Jack Penate Everything Is New Review

Album. Released 2009.  

BBC Review

No other album released this year takes as many risks and succeeds so clearly.

Lou Thomas 2009

On first album, Matinée, Jack Peñate showed glimpses of talent. In particular his soulful voice and melodic understanding distracted from the fact the album was a rather average collection of rockabilly-tinged indie. With the release of Everything Is New it's hard to think of another act that has made such a massive leap forward in scope and quality in the space of one album.

Every one of the nine songs on Everything Is New is a fascinating blend of genres, best broadly described as London soul.

In the steadily-paced, wondrously ethereal opener Pull My Heart Away, listeners are treated to handclaps, an immaculate tropicalia guitar riff and a huge multi-tracked vocal that highlights Peñate's vocal talents.

The album's second single Be The One then throws together Mississippi brass with a Northern Soul beat and more heartbreaking, swooping vocals. ''We asked the church to save our souls'', sings Jack and it sounds like some higher power may have been listening.

Next up the title track throws together utterly hypnotic afrobeat rhythms with carnival chants and copious studio echo. Basement Jaxx are the nearest reference point, but only if the Brixton pair were as relaxed as they are frantic.

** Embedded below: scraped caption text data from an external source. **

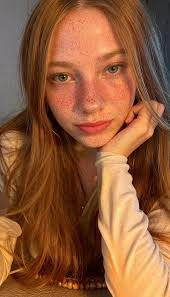 Most people make jokes about my skin. You too?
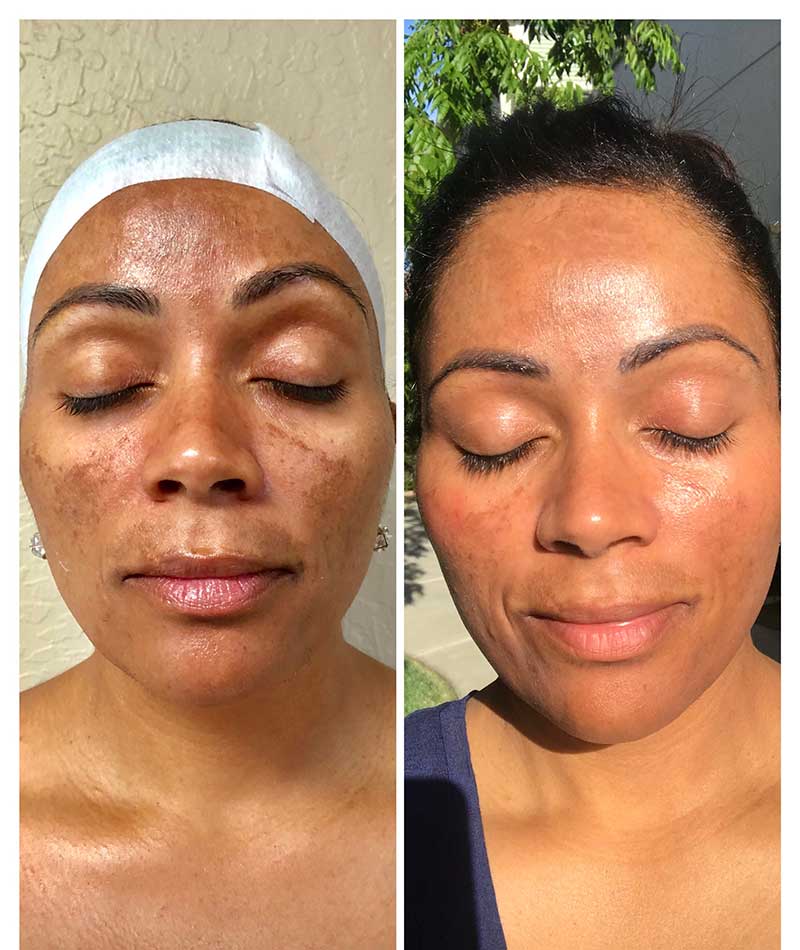 Micro Needling Omani Beauty and Wellness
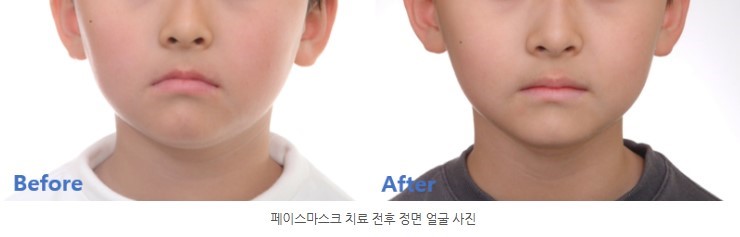 분당판교 성장기 주걱턱 교정치료 전후 정면 서울리인치과교정과
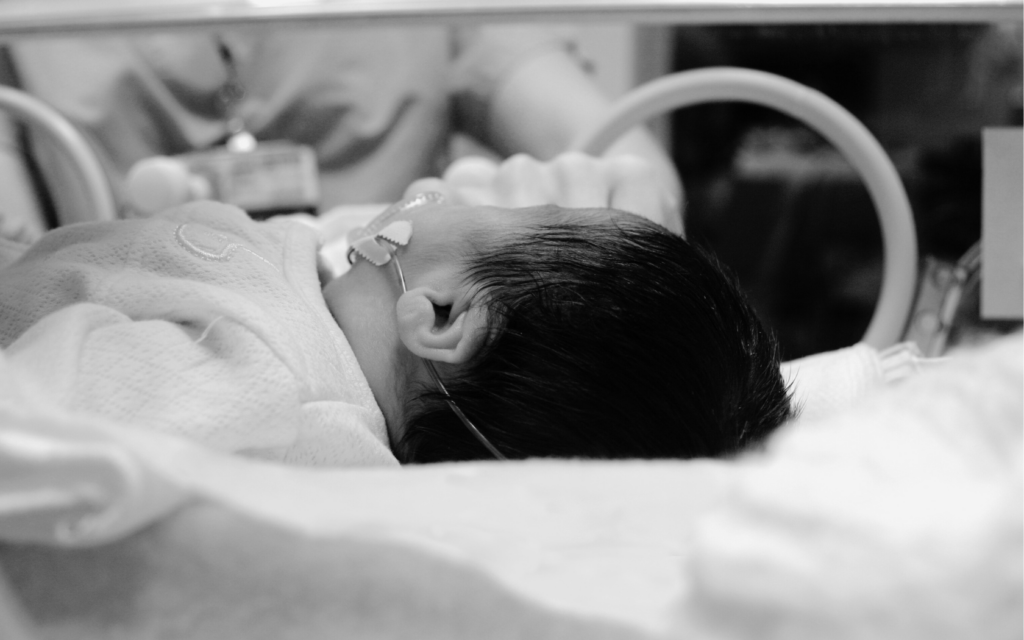 A newborn baby receiving specialized care in the NICU for a birth injury.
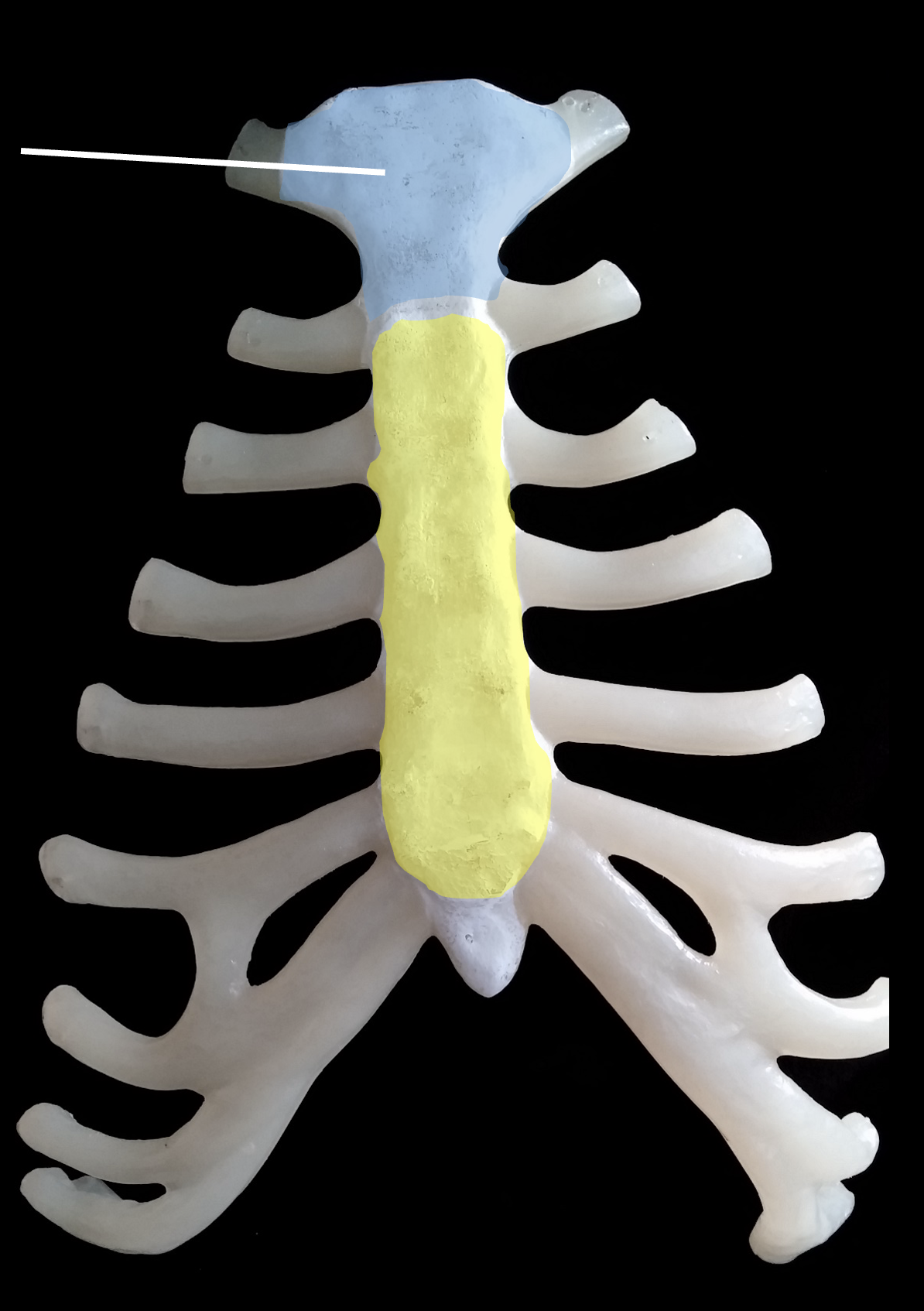 <p>What is the yellow region highlighted on the sternum?</p>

Tonight's Today sees Jack return to religion (he's ''ringing churchbells'') and handclaps on what is unquestionably one of the finest singles of 2009. He sings about being in a daze like a man discovering the meaning of life.

So Near is yet another staggeringly soulful tune, this time a blend of niggly mandolin, four-to-the-floor beats and aching but simultaneously uplifting singing.

Every Glance takes thing down in tempo but not in quality and as a listener it's hard not to hang on every word as Jack intones, ''I've been trying my hardest to be a man''.

Peñate and producer Paul Epworth spent a year getting this album perfected in Epworth's Kensal Rise studio. It was clearly time well spent. There are no concessions to synth-pop chart fads and no unnecessary guest stars. Better yet, there is no competition because no other album released this year takes as many risks and succeeds so clearly.